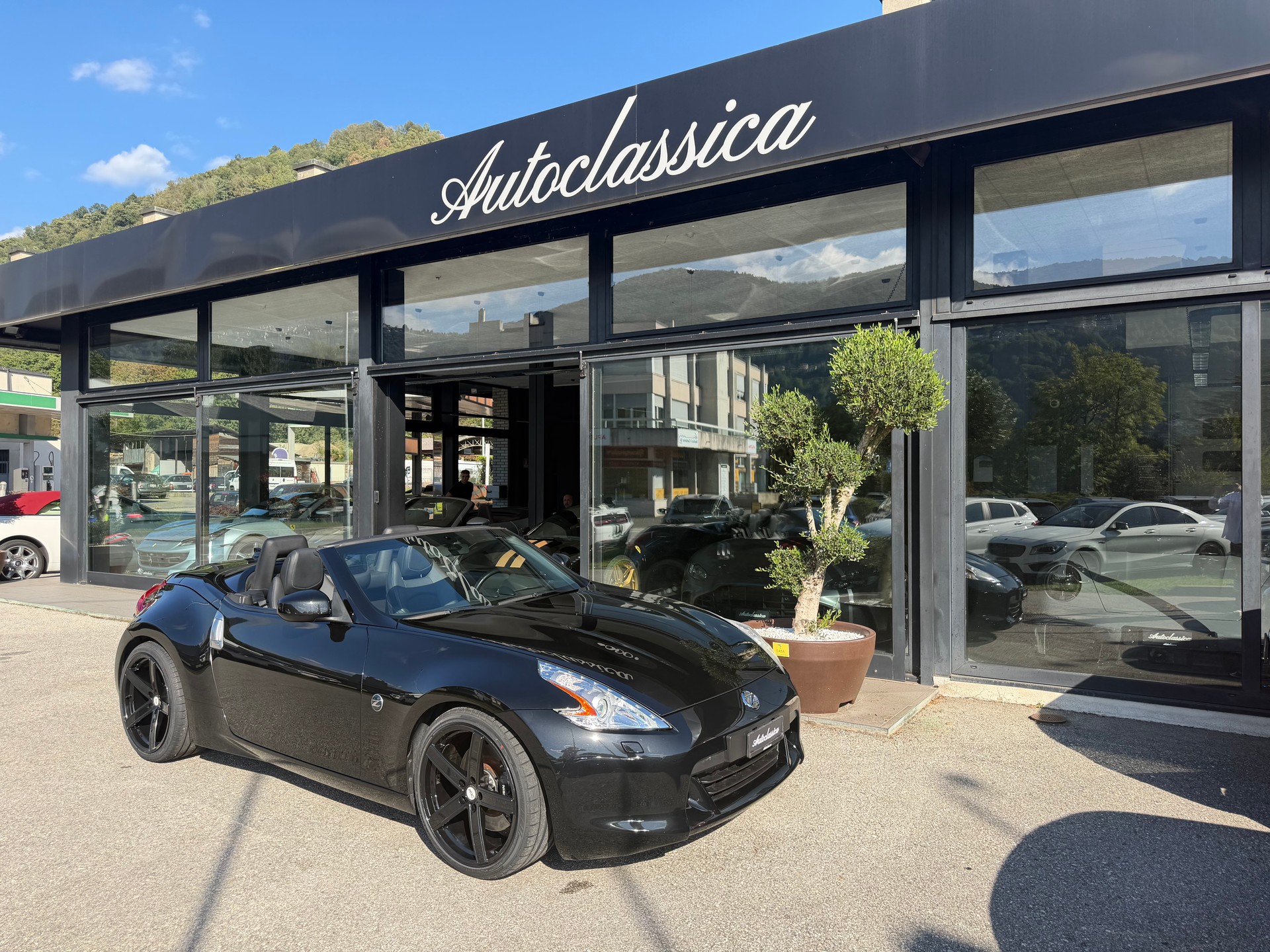 NISSAN 370 Z Roadster-image-5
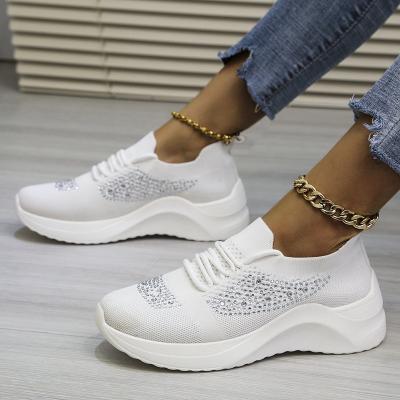 China CUSHIONING Women's Outdoor Causal Shoe White Running Sports Style Bling Walking Shoes For Women for sale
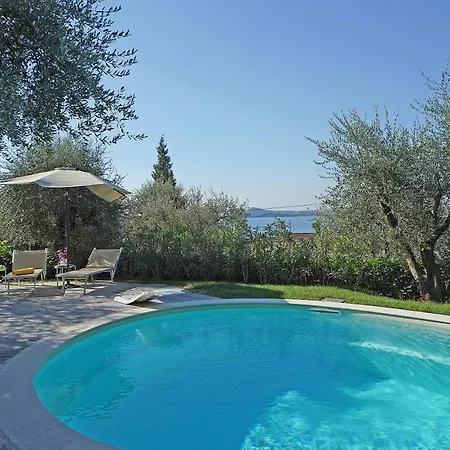 Delia Gardone Riviera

● **Goal of the exercise**
Any images must be left out; transcribe the rest of the material exactly.

● **Answer to the problem**
 NISSAN 370 Z Roadster-image-5
 China CUSHIONING Women's Outdoor Causal Shoe White Running Sports Style Bling Walking Shoes For Women for sale
 Delia Gardone Riviera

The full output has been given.